#### TASK INPUTS ####
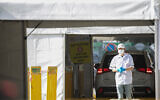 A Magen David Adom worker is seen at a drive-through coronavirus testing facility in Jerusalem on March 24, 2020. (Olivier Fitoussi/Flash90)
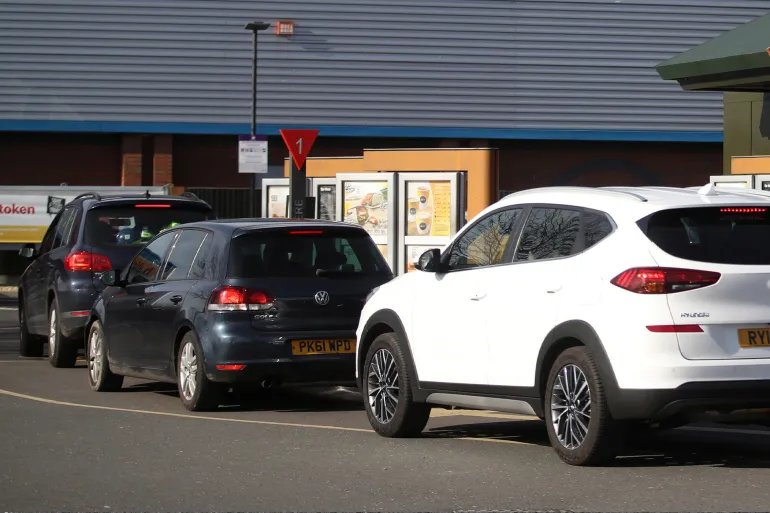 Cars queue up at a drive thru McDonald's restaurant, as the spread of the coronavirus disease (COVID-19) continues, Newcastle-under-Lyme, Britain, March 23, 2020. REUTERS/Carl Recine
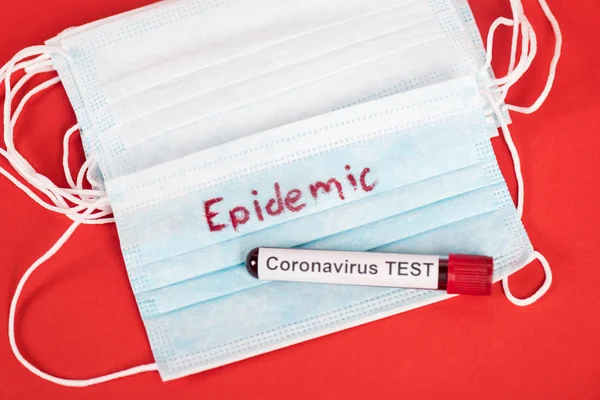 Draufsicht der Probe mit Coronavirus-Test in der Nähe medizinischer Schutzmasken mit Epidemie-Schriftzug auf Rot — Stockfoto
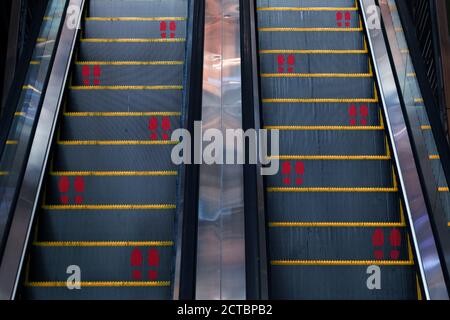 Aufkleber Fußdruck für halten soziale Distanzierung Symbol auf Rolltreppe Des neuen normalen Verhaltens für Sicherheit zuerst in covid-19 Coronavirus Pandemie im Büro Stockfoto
####
#### TASK INPUTS ####
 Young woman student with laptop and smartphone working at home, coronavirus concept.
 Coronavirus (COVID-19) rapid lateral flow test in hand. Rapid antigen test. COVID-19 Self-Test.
####
**TASK INSTRUCTIONS:** Nothing but the lines from the one containing "A Magen David" through the one containing "Aufkleber Fußdruck für" should appear, copied exactly from the material above and without pictures.

**WRITTEN RESPONSE:**
 A Magen David Adom worker is seen at a drive-through coronavirus testing facility in Jerusalem on March 24, 2020. (Olivier Fitoussi/Flash90)
 Cars queue up at a drive thru McDonald's restaurant, as the spread of the coronavirus disease (COVID-19) continues, Newcastle-under-Lyme, Britain, March 23, 2020. REUTERS/Carl Recine
 Draufsicht der Probe mit Coronavirus-Test in der Nähe medizinischer Schutzmasken mit Epidemie-Schriftzug auf Rot — Stockfoto
 Aufkleber Fußdruck für halten soziale Distanzierung Symbol auf Rolltreppe Des neuen normalen Verhaltens für Sicherheit zuerst in covid-19 Coronavirus Pandemie im Büro Stockfoto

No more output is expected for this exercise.